Bichrom: A bimodal neural network to predict TF binding using sequence and pre-existing chromatin track data
Bichrom provides a framework for modeling, interpreting, and visualizing the joint sequence and chromatin landscapes that determine TF-DNA binding dynamics.
Srivastava, D., Aydin, B., Mazzoni, E.O. and Mahony, S., 2020. An interpretable bimodal neural network characterizes the sequence and preexisting chromatin predictors of induced TF binding. bioRxiv, p.672790.
Requirements:
python >= 3.5
We suggest using anaconda to create a virtual environment using the provided YAML configuration file:
conda env create -f bichrom.yml
Alternatively, to install requirements using pip:
pip install -r requirements.txt
# Clone and navigate to the iTF repository.
cd trainNN
To view help:
python run_bichrom.py --help
usage: run_bichrom.py [-h] training_schema_yaml window_size bin_size outdir
Train and compare BichromSEQ and Bichrom
positional arguments:
training_schema_yaml YAML file with paths to train, test and val data
window_size Size of genomic windows
bin_size Size of bins for chromatin data
outdir Output directory
optional arguments:
-h, --help show this help message and exit
Required arguments:
-
training_schema_yaml: This is a YAML file containing containing paths to the training data (sequence, preexisting chromatin and labels), validation data and test data. A sample YAML file can be found in trainNN/sample.yaml. The structure of the training_schema_yaml file should be as follows:
train: seq: '/path/to/train/seq.txt' labels: '/path/to/train/labels.txt' chromatin_tracks: ['/path/to/train/atacseq.txt', ..., '/path/to/train/h3k27ac.txt'] val: seq: '/path/to/val/seq.txt' labels: '/path/to/val/labels.txt' chromatin_tracks: ['/path/to/val/atacseq.txt', ..., '/path/to/val/h3k27ac.txt'] test: seq: '/path/to/test/seq.txt' labels: '/path/to/test/labels.txt' chromatin_tracks: ['/path/to/val/atacseq.txt', ..., '/path/to/test/h3k27ac.txt']

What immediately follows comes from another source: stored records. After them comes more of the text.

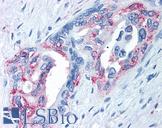 TRPM8 Antibody - Anti-TRPM8 antibody IHC of human Pancreas, Carcinoma. Immunohistochemistry of formalin-fixed, paraffin-embedded tissue after heat-induced antigen retrieval.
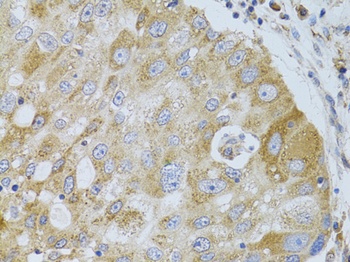 HDAC8 Antibody, KO Validated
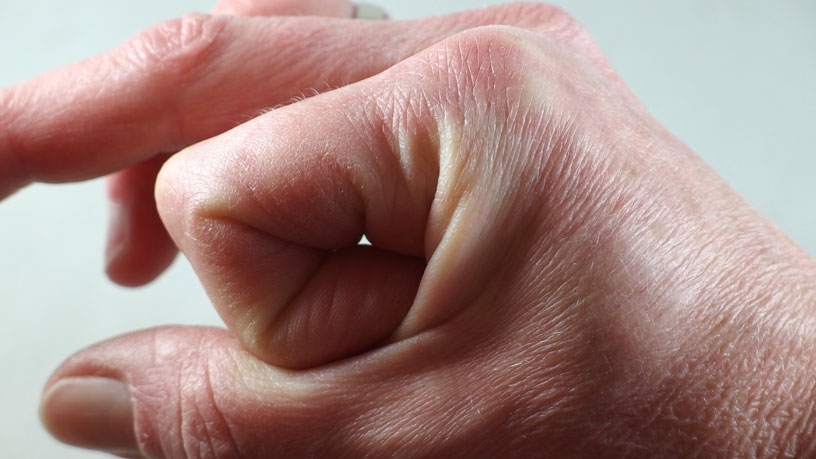 Lupenersatz: Man winkelt einen Zeigefinger stark an, und zwar so, dass das erste Fingergelenk auf der Haut zwischen Daumen und Zeigefinger liegt. 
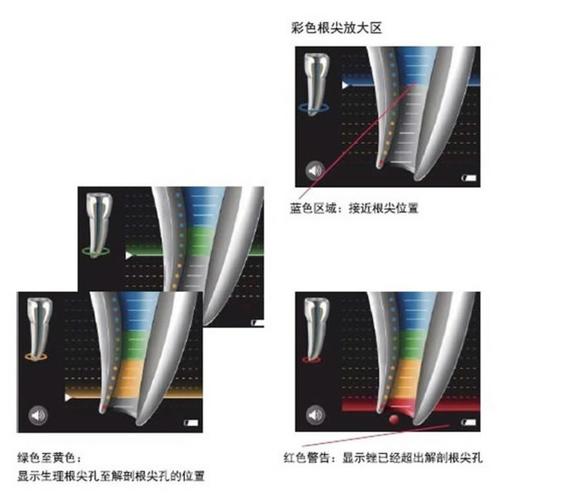 根管测量仪的正确使用方法包含哪些关键步骤？操作中如何避免常见误差确保测量精准？-图1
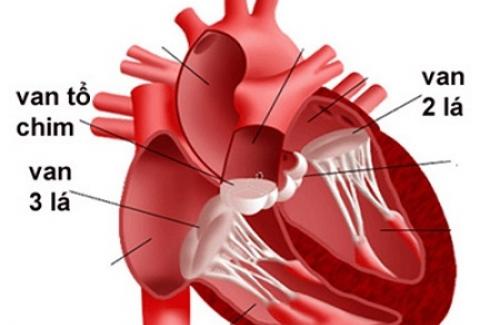 Bệnh hẹp van tim - Dấu hiệu, nguyên nhân và điều trị bệnh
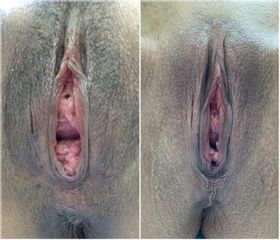 Vaginoplastia - Cirugía Intima Dr. Jorge Mario Mejía Restrepo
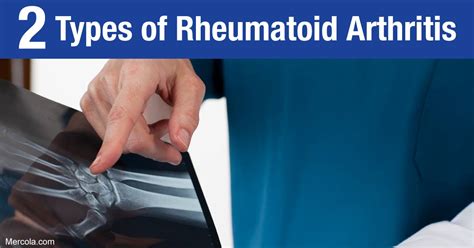 What Are The Types Of Rheumatoid Arthritis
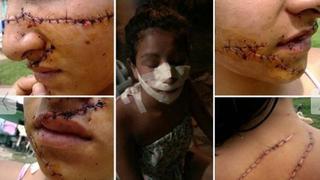 Argentina: Hermanas desfiguran rostro a bella quinceañera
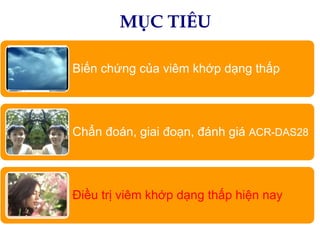 MỤC TIÊU
Biến chứng của viêm khớp dạng thấp

Chẩn đoán, giai đoạn, đánh giá ACR-DAS28

Điều trị viêm khớp dạng thấp hiện nay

Description for the input files provided in the YAML configuration: Each input data point (train, test or validation) corresponds to a 500 base pair window on the genome. The "seq", "labels" and "chromatin_tracks" files contain genomic features associated with these input 500 base pair windows.
-
seq: The sequence input file contains one sequence per line. For example, if your training set has 25,100 genomic windows, the seq file will contain 25,100 lines. (Permitted bases: A, T, G, C, N).
-
labels: This file contains a binary label that has been assigned to each training, validation and test input data point. (Must be 0/1).
-
chromatin_tracks: Multiple chromatin files can be passed to Bichrom through the YAML file. (The YAML field chromatin_tracks accepts a list of file locations.) Each line in a chromatin track file contains tab separated binned chromatin data. The data can be binned at any resolution. For example, if the genomic windows used to train Bichrom are 500 base pairs, then:
- If bin_size=50 base pairs, then each line in the chromatin file must contain 10 (500/50) tab separated values.

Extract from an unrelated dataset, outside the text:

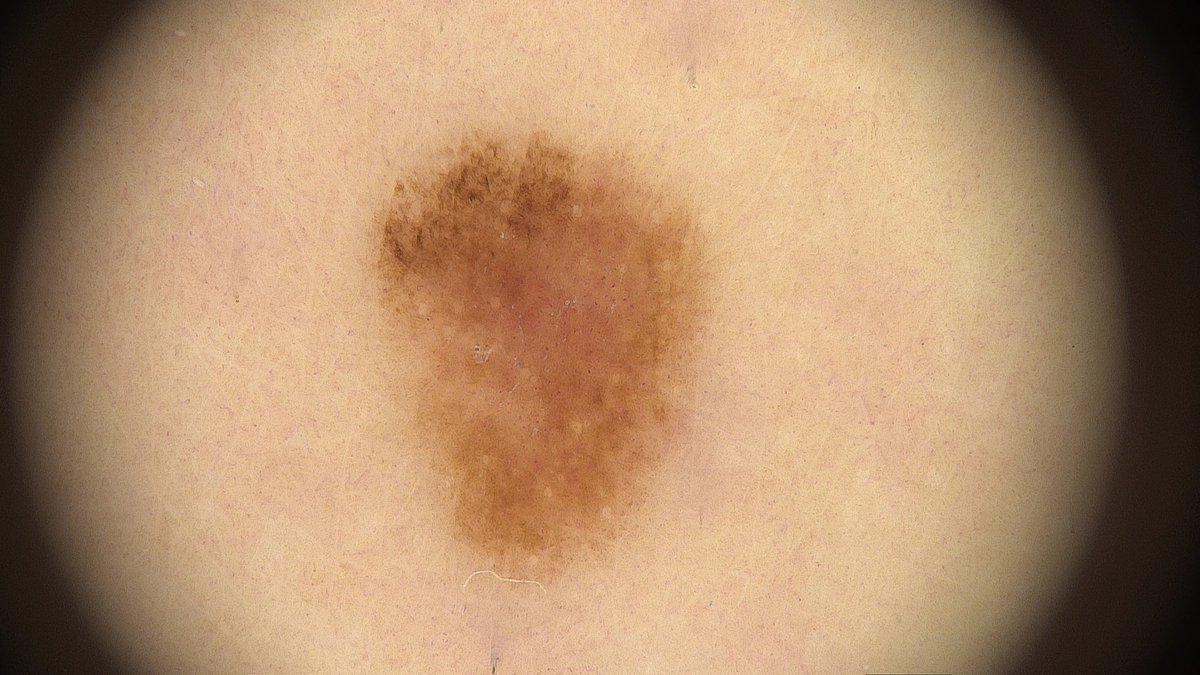 Früh erkannt – Leben gerettet! 🩺
Dr. Tamara Kopp von JUVENIS entdeckte bei einer Routinekontrolle ein Melanom am Bein eines Patienten – im Frühstadium.
📸 Fotos &amp; Makroaufnahme zeigen, wie tückisch Hautkrebs aussehen kann.  👉juvenismed.at/fruehzeitige-e…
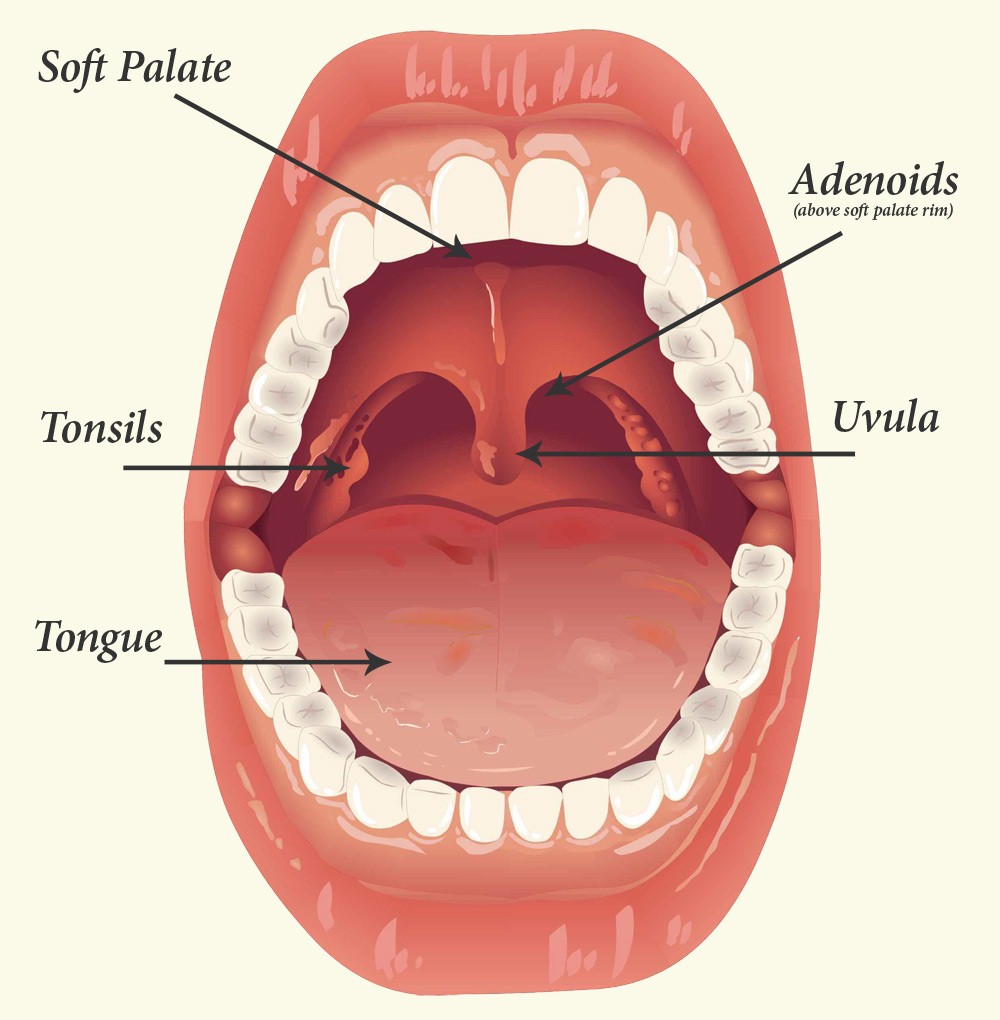 What Causes Large Tonsils in Kids and How to Treat? - New Kids Center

- If bin_size=1 base pair, then each line in the chromatin file must contain 500 values. Note that all chromatin feature files that are passed to Bichrom must be binned at the same resolution.
-
Other required arguments:
- window_size: The size of genomic windows used for training, validation and testing. (For example: 500)
- bin_size: Binning applied to the chromatin data. (For example, if window_size=500 and bin_size=10, each line in a chromatin_track file must contain 500/10 tab separated values)
- outdir: Output directory where all Bichrom output files will be stored.
- Bichrom outputs the validation and test metrics (auROC and auPRC) for both a sequence-only network (BichromSEQ) and a sequence + preexisting chromatin bimodal network (Bichrom). It additionally plots the test Precision Recall curves for both models; as well as test recall at a false positive rate=0.01.